Working from home is not proving to be the dream experience that many employees were anticipating, according to new research. Working all day from the couch or dining table is not all it was cracked up to be, they claim. The trade-off is often long hours, more virtual meetings and blurred lines between work and personal life.

Some people in certain roles and circumstances are benefitting from and enjoying working from home but, for the most part, working remotely is taking its toll concludes researchers who say that motivation, satisfaction with job and employer and mental and physical wellbeing are also being negatively affected. Then there’s the myth that homeworking increases productivity. Simply not true in many cases.

Much has been made of grand pronouncements last year by tech giants that suggested employees could ‘work at home forever’ but some of the nuances were skirted over by the press. Why spoil a sensational headline with the facts.

For example, what Twitter’s Jack Dorsey actually said was this could possibly happen ‘if our employees are in a role and situation that enables them to work from home’. And last week, IBM announced its proposed system of remote working, with 80% of the workforce working at least three days a week in the office.

Working from home while there is no office open is one thing. But remote working's biggest test is going to be when the office starts opening up. When meetings are being held partially in person and partially on Zoom, is the dynamic going to work quite so well? Or at all. And when office based team members begin to redevelop face-to-face, in-person relationships with managers and colleagues, will remote workers feel disadvantaged?

While it’s important that we take stock and consider what we have learned from all this that might improve our business performance and working lives, it is equally vital to avoid knee-jerk reactions that imply everything we knew, did and (mostly) loved before March 2020 should be banished to the history books.

Businesses across the country have already invested heavily in following and often exceeding the rules put in place to protect employees and customers but many have not been allowed to implement these procedures.
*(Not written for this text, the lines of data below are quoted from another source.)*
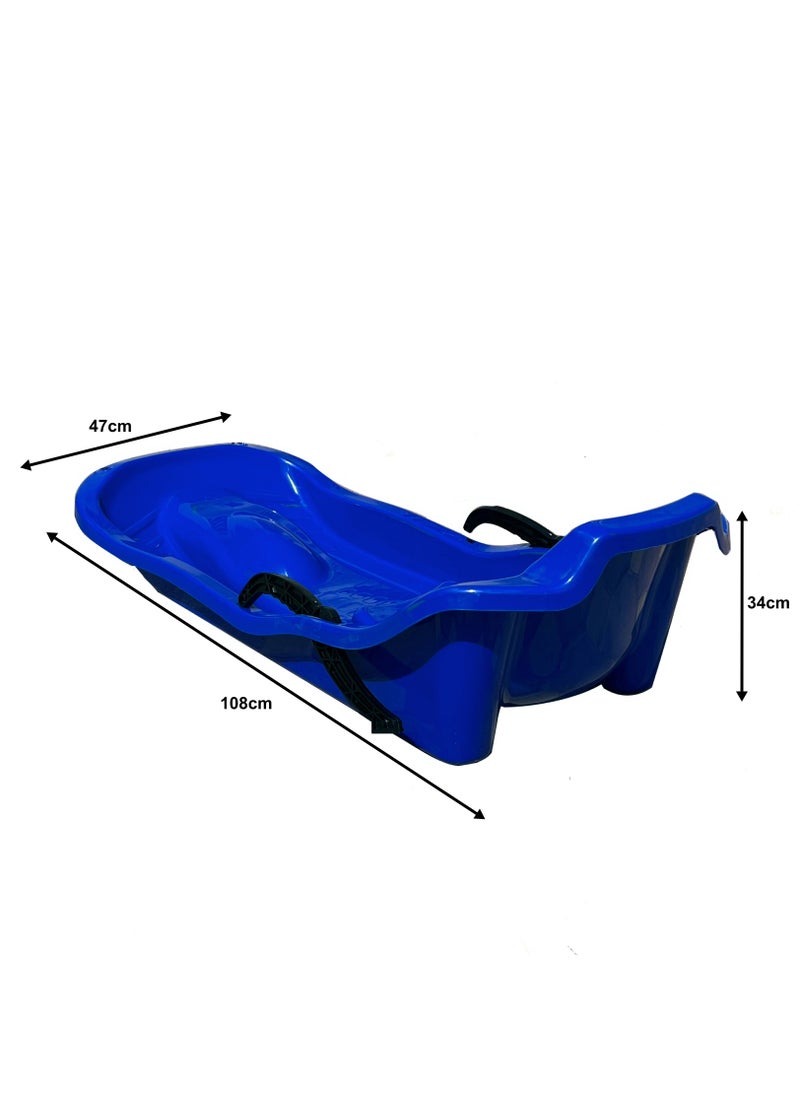 HEXAR Heavy Duty Outdoor Sports Plastic Skiing Boards Sled Luge Snow Grass Sand Board Ski Pad Snowboard With Rope For 2 People, Size - 108x47x34cm  - Image 2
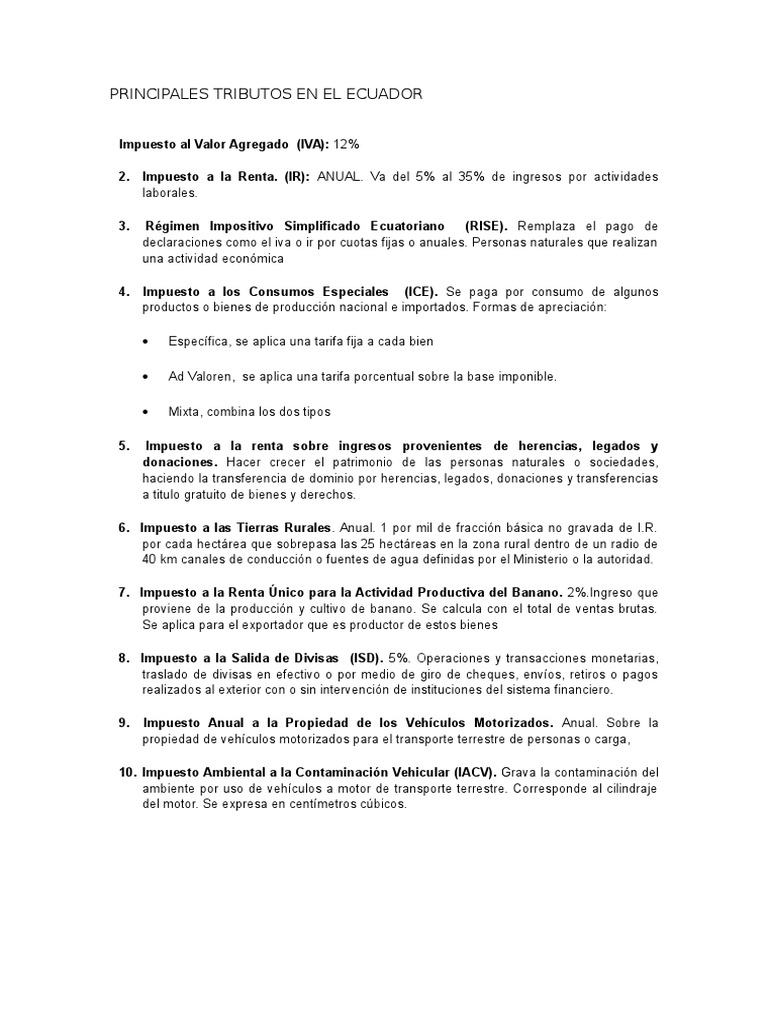 Principales Impuestos en Ecuador | PDF | Impuesto sobre la renta ...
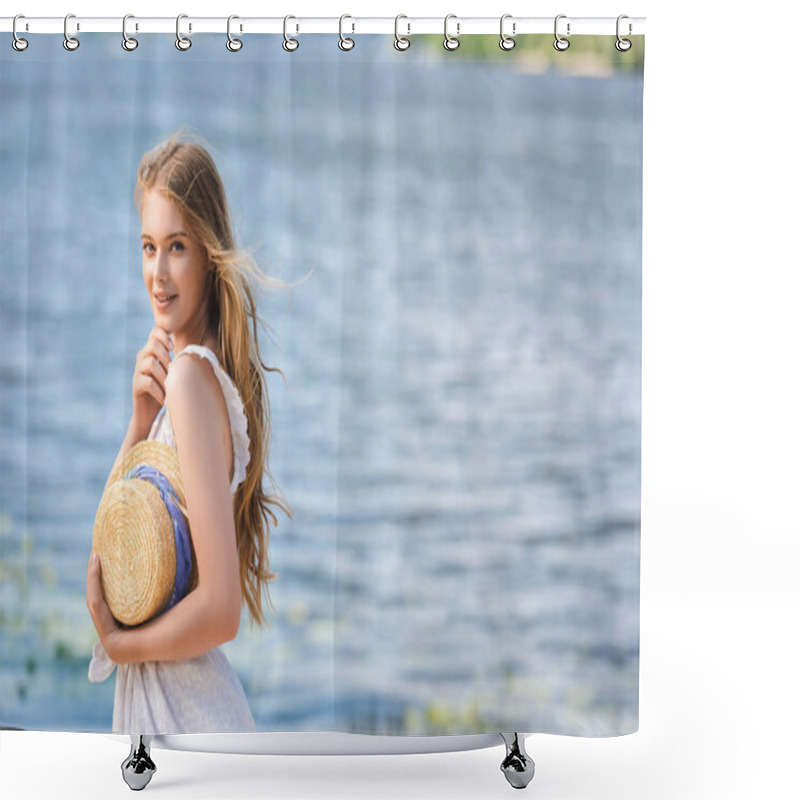 Personality  Beautiful Young Girl Standing On Shore Of River While Holding Straw Hat And Looking At Camera Shower Curtains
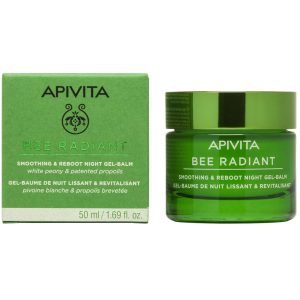Apivita Bee Radiant Smoothing Reboot Night Gel-Balm, Κρέμα Νύχτας για Λεία, Ξεκούραστη Λαμπερή Επιδερμίδα, 50ml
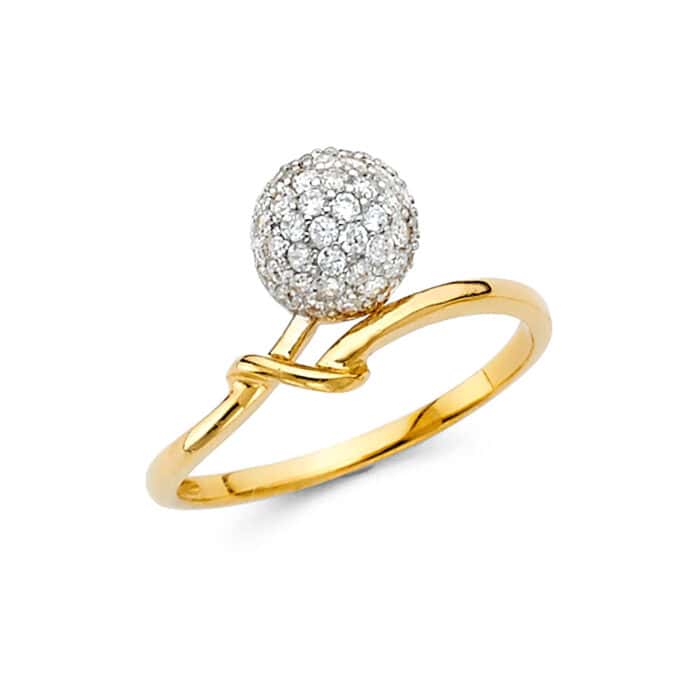 14K Yellow Gold Cubic Zirconia Fancy Ring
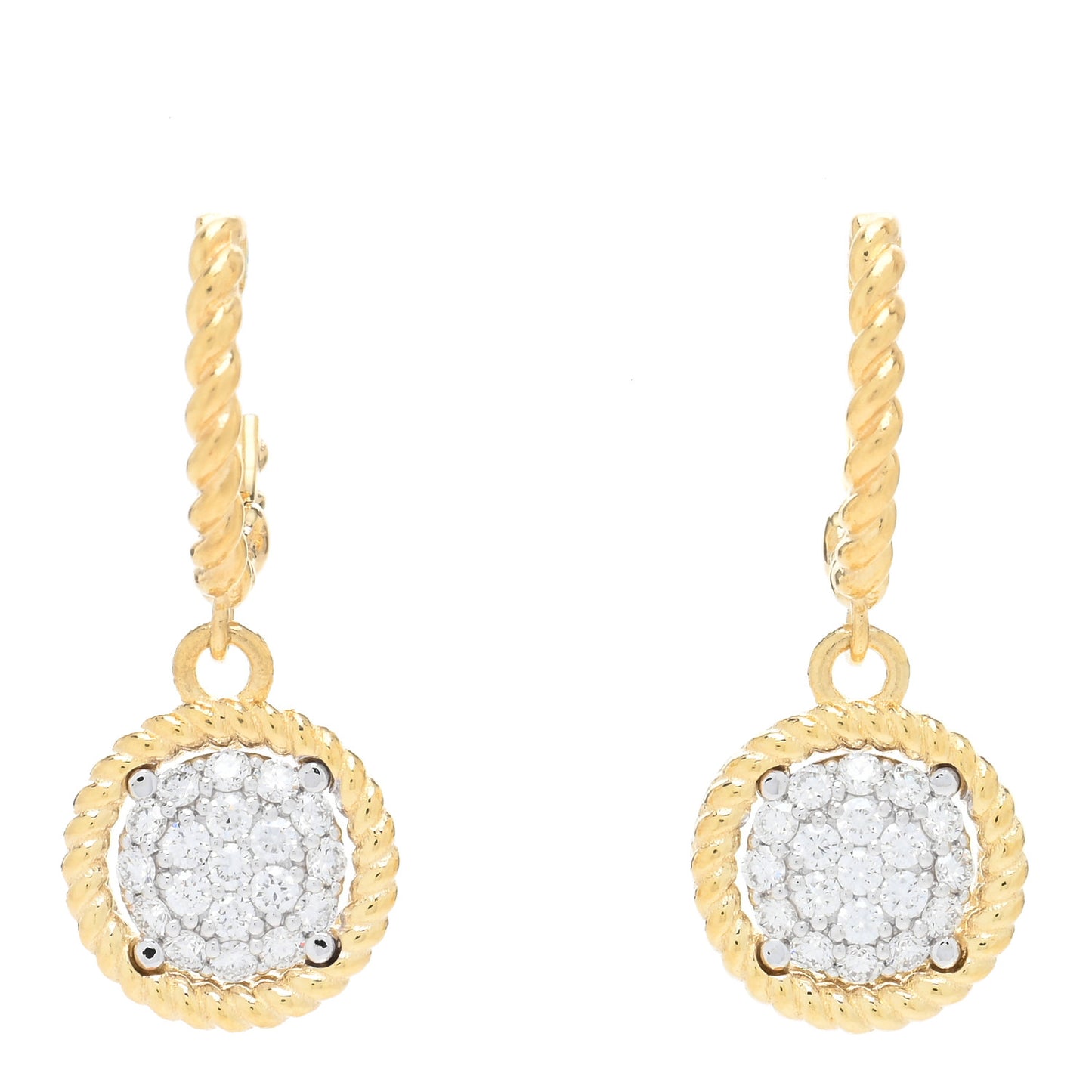 18K Yellow White Gold Diamond Barocco Hoop Drop Earrings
People will choose to go to places for work and leisure that have made reasonable adjustments to safeguard their health. And as staff and customers we must be treated as grown-ups who manage risk every day in all aspects of our lives. The nanny state needs to step back and respect this.

Let’s start planning to get our workplaces open again. Breathing new life back into our business models, customer relationships and to the city centres, towns and business parks that have been bereft of their main currency, people for over a year now. Re-connecting.